For the records below, copy exactly the span that begins at the line containing "Real Genuine Diamond" and stops after the line containing "Eisfischen mit Eisbären", minus any pictures.

┌─ Data extract

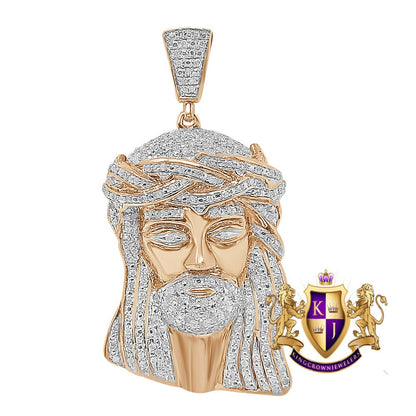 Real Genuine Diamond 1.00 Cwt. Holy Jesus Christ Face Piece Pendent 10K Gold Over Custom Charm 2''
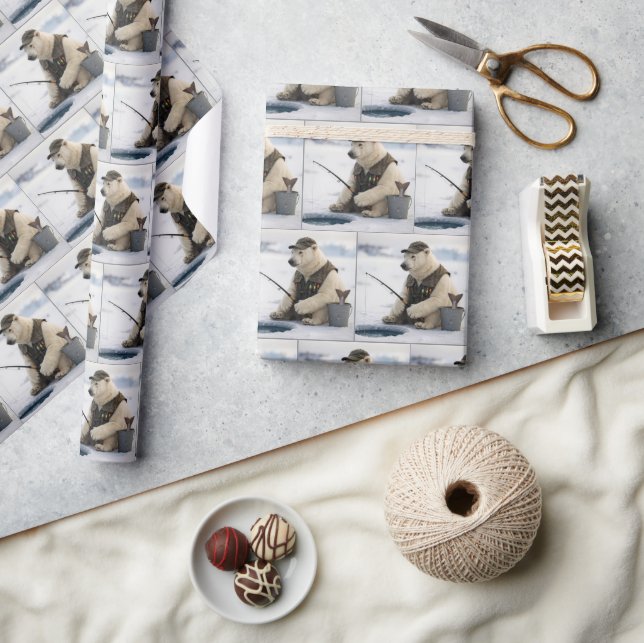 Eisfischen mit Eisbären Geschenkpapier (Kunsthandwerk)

└─
┌─ Data extract

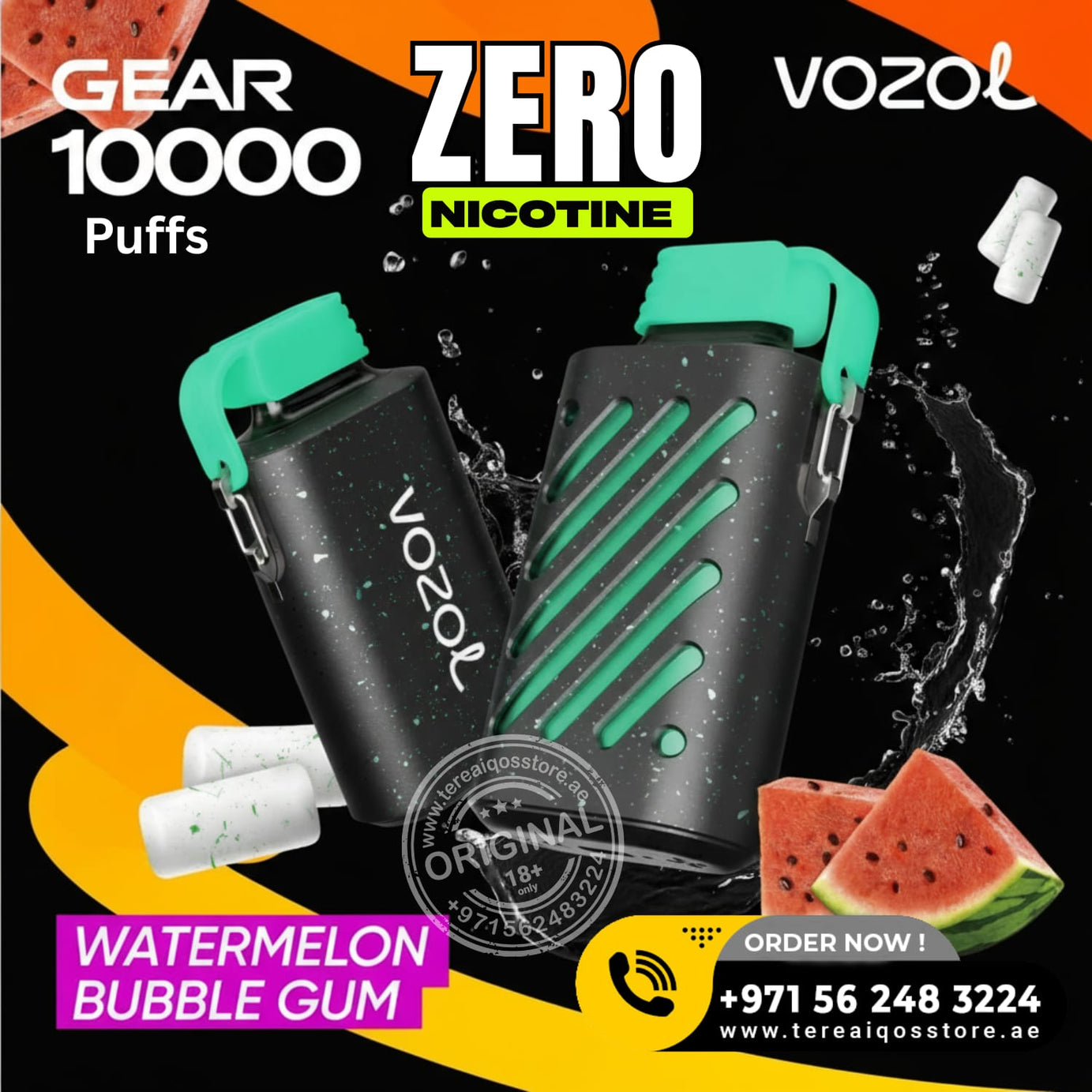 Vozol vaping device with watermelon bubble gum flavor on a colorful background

└─

Finished exercise
 Real Genuine Diamond 1.00 Cwt. Holy Jesus Christ Face Piece Pendent 10K Gold Over Custom Charm 2''
 Eisfischen mit Eisbären Geschenkpapier (Kunsthandwerk)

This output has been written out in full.